Plugging a power leak

2009-11-29 00:00

SOMETHING good is on the go in government. It seems the powers that be are in the process of dropping a project that has been almost a decade in the making but going nowhere. Granted, huge amounts of money have been spent, but judging from a report of a similar scheme that went awry in Namibia, we’re about to have a lucky escape. How lucky will depend on how alert we are as a citizenry in the future. If all of this sounds cryptic, read on.

For over 10 years government has been working on a scheme to take away the management of electricity from municipalities and place it in the hands of regional electricity distributors (Reds).

The rationale at the time, which sounded good, was that municipalities were failing to maintain the electricity infrastructure and something needed to be done. Proof of this was the growing number of power outages in towns and cities across the country. In addition the government stated a concern that there were over 2 000 electricity tariffs in the country and that as a result people in rural areas were paying more for electricity.
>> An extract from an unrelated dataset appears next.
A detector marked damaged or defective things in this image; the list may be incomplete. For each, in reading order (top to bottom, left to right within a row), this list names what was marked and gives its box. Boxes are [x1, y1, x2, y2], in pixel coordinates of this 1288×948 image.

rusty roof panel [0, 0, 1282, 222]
To implement Reds, the government set up a state-owned company in 2003 known as Electricity Distribution Industry (EDI) Holdings. The plan was to take away electricity distribution from some 180 municipalities and move it to the ambit of six Reds run by EDI Holdings,

However, the plan met with resistance from municipalities, which structured their electricity tariffs so that they had extra revenue to cross-subsidise other services. Municipalities did not welcome this loss of revenue. They were also worried about compensation for assets they would have to transfer to the Reds. Impatient with municipal resistance, the government forged ahead with a legislative solution by tabling the Constitution 17th Amendment Bill. The amendment was to enable national government to take away local government’s electricity distribution rights.

Last week the Daily Maverick reported disclosures from cabinet sources that this bill will be withdrawn. Apparently this is in keeping with a decision taken at the ANC’s national general council in Durban that EDI Holdings should be dissolved. This as a result of pressure from ANC aligned councils at the loss of their right to distribute electricity.
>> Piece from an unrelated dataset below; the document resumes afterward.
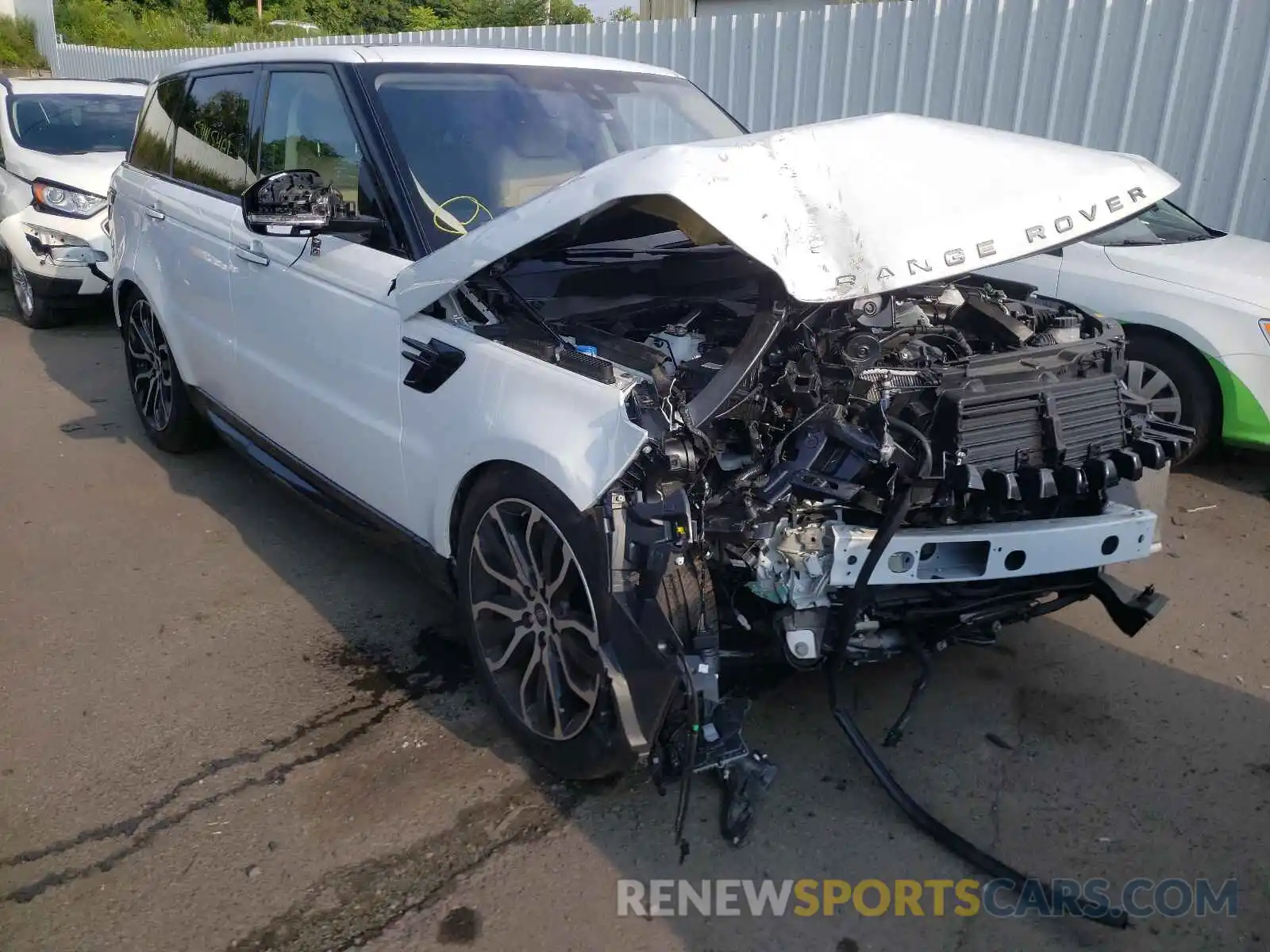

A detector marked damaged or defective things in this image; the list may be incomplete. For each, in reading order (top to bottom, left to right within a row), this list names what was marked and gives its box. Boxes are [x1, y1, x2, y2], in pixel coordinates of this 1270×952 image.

If South Africa is dropping Reds, it definitely seems the right thing to do, judging by a report in the Namibia Economist.

The CEO of the Association for Local Authorities in Namibia, Jennifer Kauapirura, said that instead of costs going down in her country, Reds has led to increased costs and higher tariffs.

She said it proved to be an additional burden on the most vulnerable people.

Kauapirura added: “From a management and business perspective, Reds in the regions in which they have been implemented so far have failed to deliver on the promises of greater efficiency and higher revenues for local authorities as Reds have taken away a key source of generating revenue without reciprocating it with reasonable returns on investment.

“Evidence on the ground indicates that Reds are very costly to consumers with additional taxation, higher personnel costs, board member fees and duplication of existing services.”

She said her organisation would support municipalities that want to pull out before Reds “bleeds them dry”.

If the past performance of South Africa’s EDI Holdings is any indication, we would have been no better off. The Daily Maverick quotes former Minister of Minerals and Energy Buyelwa Sonjica saying in 2009 that EDI Holdings and delays in implementing Reds was costing the country between R2,9 billion and R8 billlion a year. While this was happening, the maintenance backlog stood at R27 billion. One of the tasks of EDI Holdings was to begin working on the backlog. It seems it did not pay much attention to this part of its brief.

Chief director in the Department of Public Enterprises Simphiwe Makhathini, speaking at a conference last week, said South Africa would need about R32,4 billion by the end of this year to deal with the backlog — a R5 billion increase since the previous year.

Clearly something has to be done quickly and it is believed the government is working on a number of solutions.

For now electricity infrastructure maintenance remains in the hands of municipalities. From our own experience with Msunduzi Municipality we know that this is not necessarily a good thing. Revenue raised from electricity went to cross-subsidise a host of other activities within the municipality and very little was kept in the kitty for infrastructure upkeep. The result was transformer blowouts across the city and frequent power outages.

This state of affairs will carry on as long as good citizens keep silent. The forthcoming local government election is an ideal opportunity to scrutinise party mani­festoes and ask questions about municipal budgets and infrastructure maintenance … and then hold the candidates to it.